Параллельно с этим США и Великобритания работали над экономическим и валютным устройством для всего мира. Эта работа вылилась в июле 1944 в Бреттон-Вудское соглашение, которое было подписано 44 странами-победительницами.
Доллар и фунт должны были стать мировыми резервными валютами. Должны были существовать твердые валютные курсы и по возможности свободная международная торговля. Нужно было не допустить чрезмерной инфляции. Но система должна была быть настолько эластичной, чтобы международная ликвидность могла расти без всяких напряжений вместе с потребностями в средствах финансирования и международной торговлей. Таким образом надеялись предотвратить на будущее как необузданную инфляцию, случившуюся в Германии в начале двадцатых годов, так и дефициты ликвидности и гонку девальвации, как во время мирового экономического кризиса 1929 года. На эти дискуссии оказывал влияние британский экономист Джон Мейнард Кейнс, теории которого с конца тридцатых годов преобладали как в объяснениях мирового экономического кризиса, так и в политико-экономических ответах на них.
В системе твердых валютных курсов задачей эмиссионных банков признавалась необходимость скупать в любое время по гарантированным курсам иностранную или продавать свою собственную валюту. Для того чтобы всесторонне укреплять систему, был создан Международный валютный фонд. Он должен был гарантировать международное обеспечение ликвидности и восполнять временную нехватку валюты отдельных эмиссионных банков с помощью поддерживающих кредитов. Эту роль в качестве Lender of Last Resort (Последнего кредитора в критической ситуации) МВФ исполняет и по сегодняшний день. В течение десятилетий он разработал отточенную технологию в том, чтобы связывать выдачу валютных кредитов с определенными условиями в целях оздоровления ситуации для конкретных стран. Этой экспертизой он обязан своим подключением при выделении поддерживающих кредитов Греции. Это подключение, по сути, не соответствует системе, потому что Греция испытывает недостаток не валюты, а денег в собственной валюте, а именно евро.

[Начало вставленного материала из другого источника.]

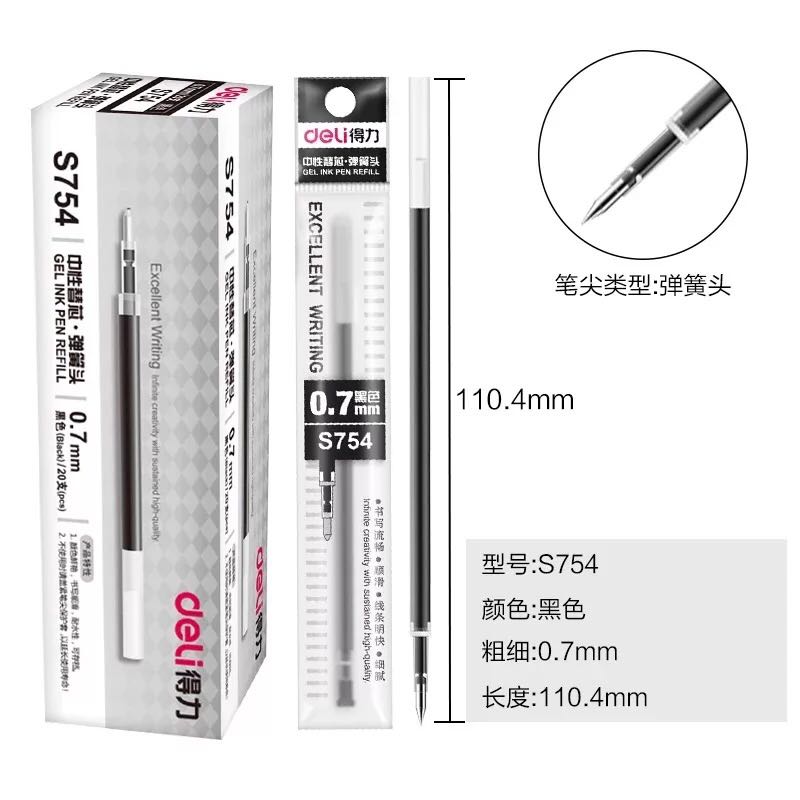 Able S754 Sexual Pen Core Press Refill 0-7mm Waterborne Pen Pen Core Spring Head Single Branch Price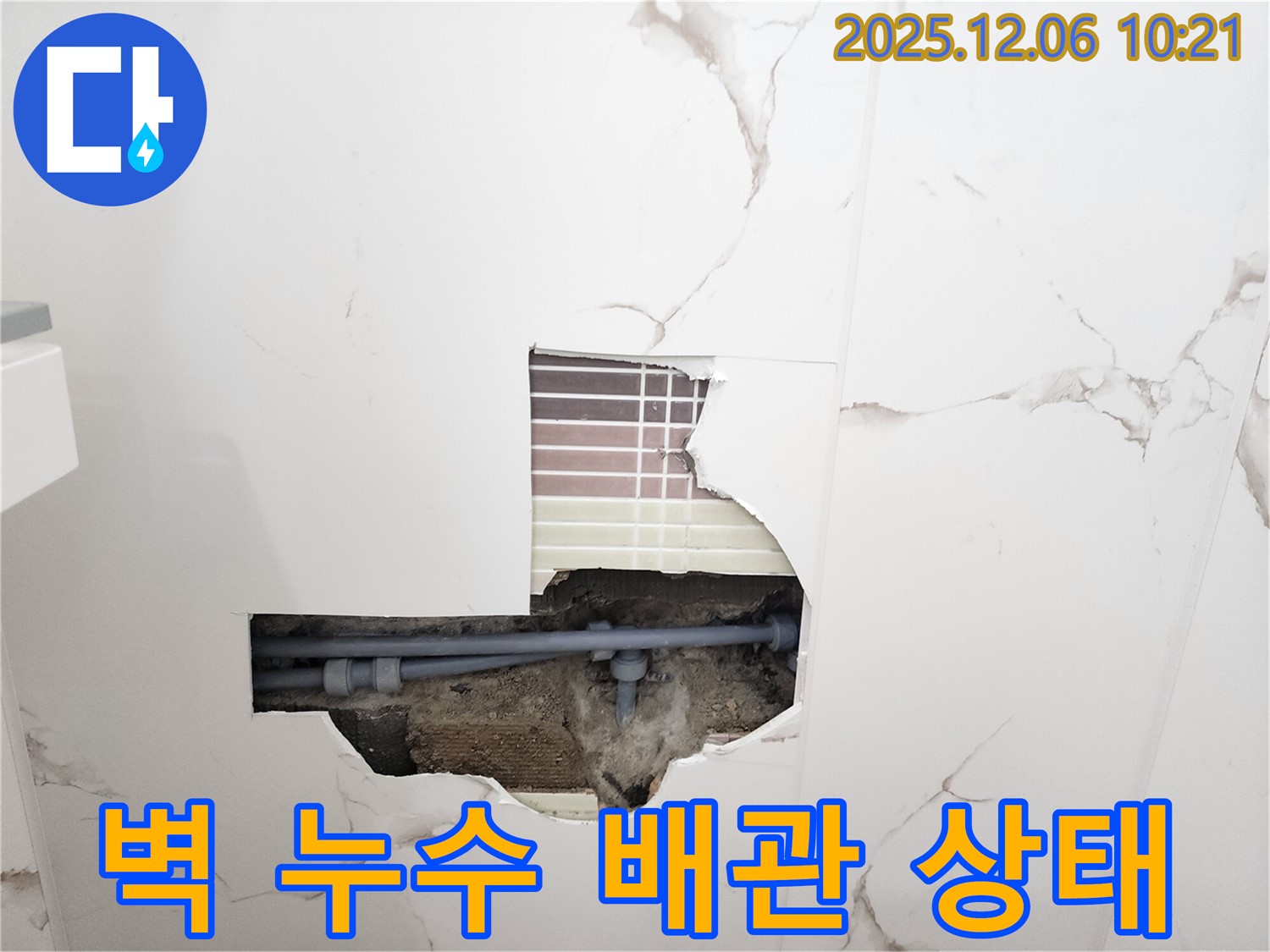 벽 누수 배관 상태 - 꼼꼼하게 점검 중
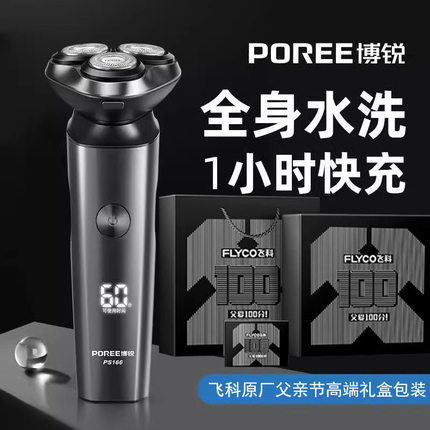 博锐PS166剃须刀全新正品刮胡刀电动男士胡须刀充电式智能剃须刀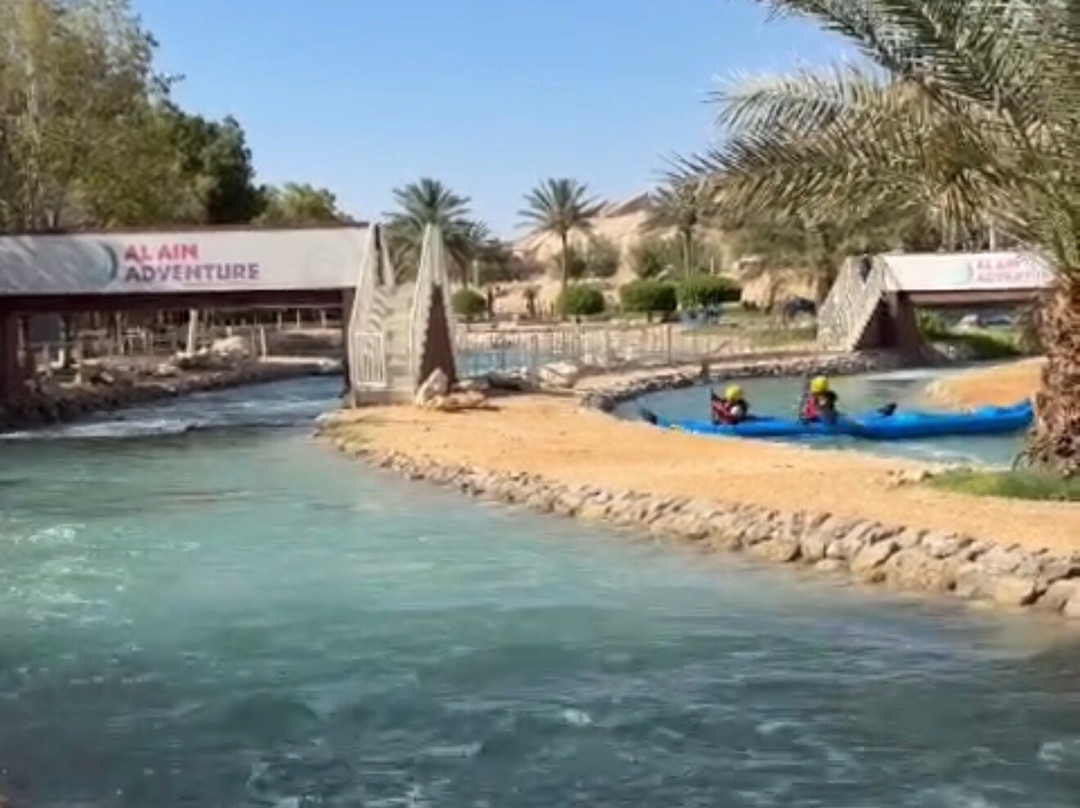 Al Ain Adventure-艾因市必去景点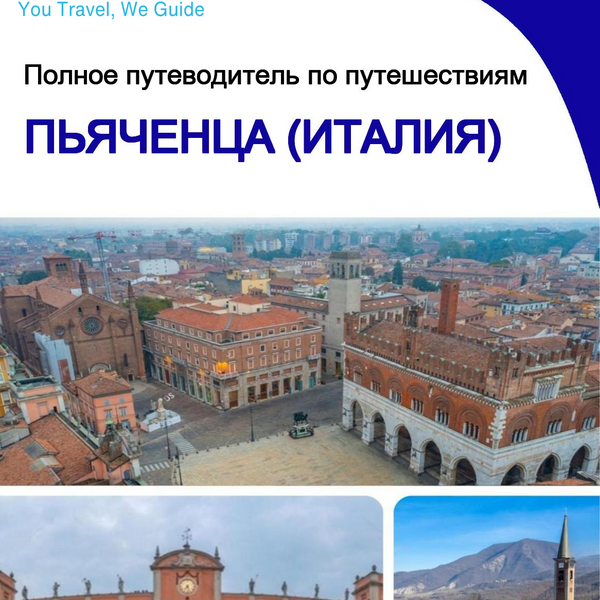 The city trip guide for Piacenza (Italy)
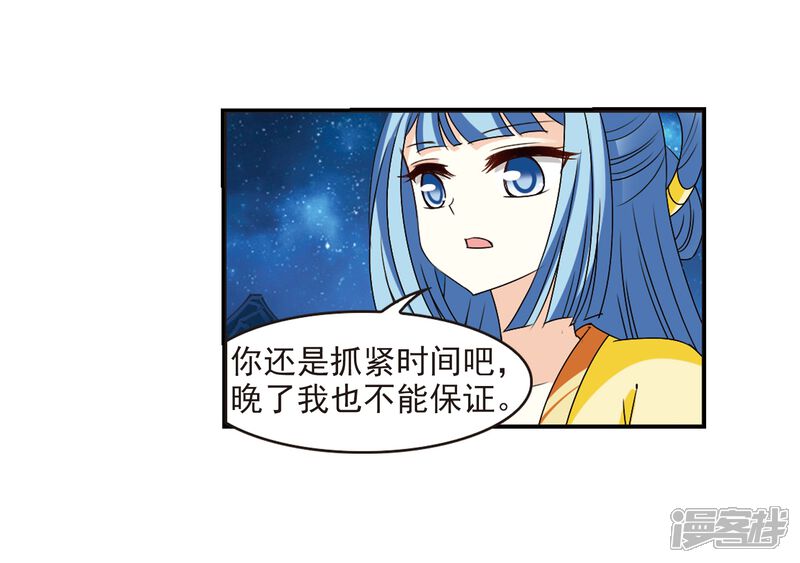 第275话宁为玉碎3-风起苍岚-松鼠200（第26张）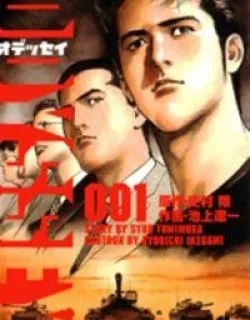 Odyssey – Manga
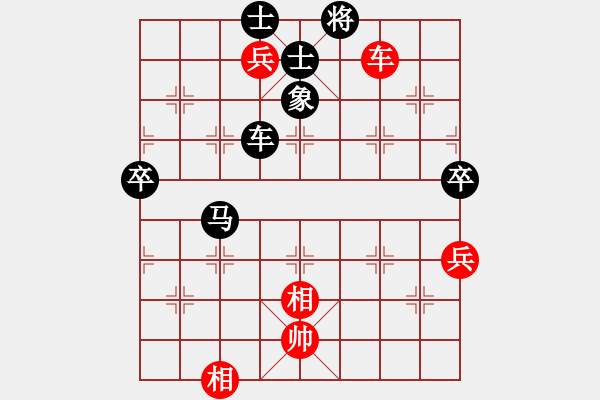 象棋棋譜圖片：純?nèi)松先A山(9星)-負(fù)-閩南棋友(電神) - 步數(shù)：110 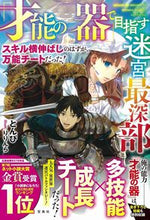 画像をギャラリービューアに読み込む, ＃とんび　著 ＃「才能の器」で目指す迷宮最深部　スキル横 ﾄﾝﾋﾞ :9784299001443
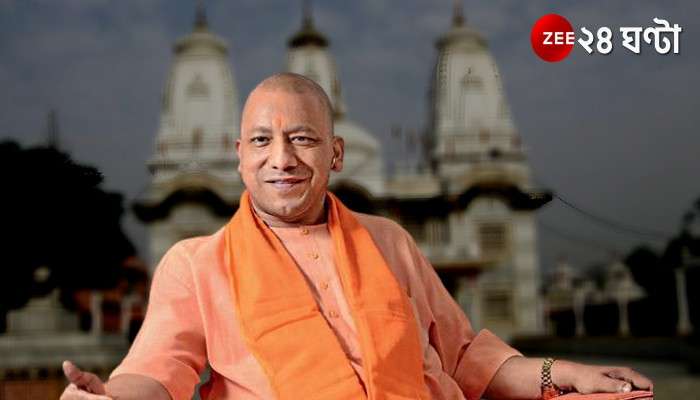 UP Assembly Polls 2022: জল্পনার অবসান! উত্তরপ্রদেশ ভোটে গোরক্ষপুর থেকেই লড়ছেন যোগী, প্রার্থী ঘোষণা বিজেপির 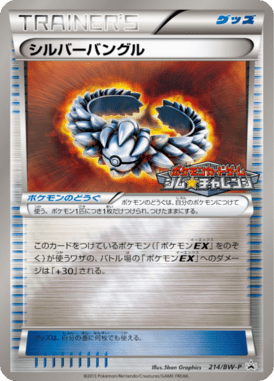 シルバーバングル（PROMO）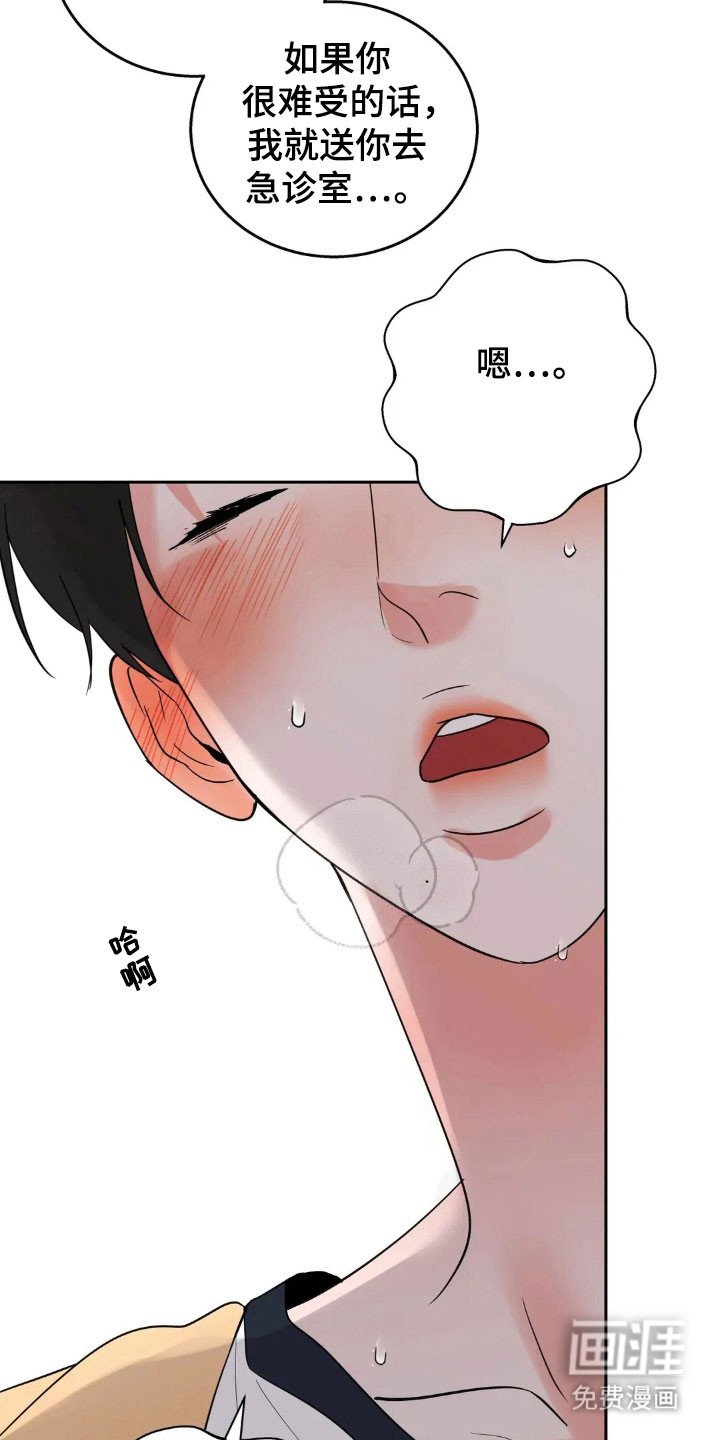 第150章：【第四季】感觉发烧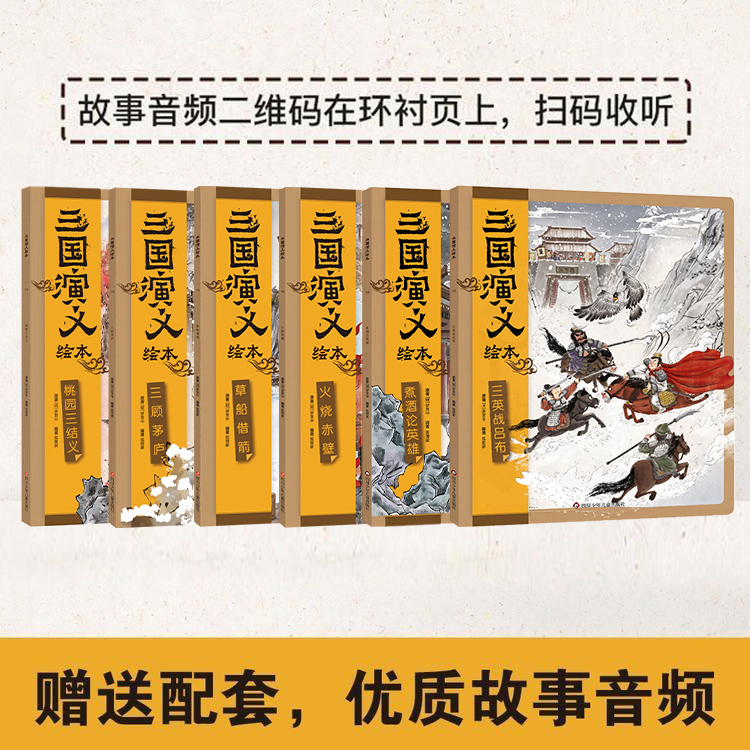 三国演义绘本(全6册) 狐狸家 [正版]随书附赠音频故事 三国演义绘本全套6册 狐狸家编著3-9岁中国经典历史故事书四大高清大图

В Бреттон-Вудской системе центральная резервная валюта, доллар, получала золотое обеспечение: Американский эмиссионный банк гарантировал в любое время обмен доллара на золото по цене 35 долларов за унцию. Таким образом, в принципе все валюты мира, которые имели твердые меновые отношения к доллару, участвовали в золотом обеспечении, так как они могли в любое время обменять свои долларовые валютные резервы на золото.
Понятия немецкого образца: дойчемарка и экономическое чудо
В этой системе в 1948 г. как раз и родилась дойчемарка (д-марка). По аналогии с условиями довоенного времени она получила твердое соотношение обмена к доллару – 4,20 д-марки.
Насколько сильно изменились времена после 1948 года, можно определить по двум цифрам:
– Цена за унцию золота теперь составляет не 35 долларов, а 1699 долларов (состояние на 7 марта 2012).
– Обменный курс доллара к д-марке (в пересчете через соотношение марка/евро) сегодня составляет 1,52 д-марки (состояние на 7 марта 2012).
По сравнению с золотом доллар уменьшился на 2 % своей исходной стоимости, по сравнению с маркой – на 36 % своей исходной стоимости. Такое отцы-основатели мировой Бреттон-Вудской валютной системы наверняка не могли и представить.
При этом оба основных элемента созданной в 1944 г. Бреттон-Вудской мировой экономической системы – твердые валютные курсы и (по возможности) свободная международная торговля – создают в послевоенные годы центральные общие условия для беспримерного подъема немецкой экономики, а вместе с ним и немецкой марки. Подъем немецкой экономики, а также все увеличивающийся тормозной скрип, а потом и крах Бреттон-Вудской валютной системы я непосредственно пережил в послевоенное время, будучи еще ребенком. Этот жизненный опыт выливается в следующие рассуждения:
Я родился в феврале 1945 года, и к моим первым воспоминаниям за пределами семейного круга относится валютная реформа 1948 г. Сначала рос в развалинах Рурской области, затем в условиях оптимизма прогресса периода восстановления. Изучать экономику я начал в 1967 г., в период первого послевоенного экономического спада. Экзамены я сдавал в 1971 г. на пике нового бума. Я пришел в федеральное министерство финансов в 1975 году, в самый разгар второго послевоенного экономического спада. Именно с этого времени я был последовательным статистиком, иногда мелким действующим лицом на сцене валютных и финансовых событий в Федеративной Республике Германии.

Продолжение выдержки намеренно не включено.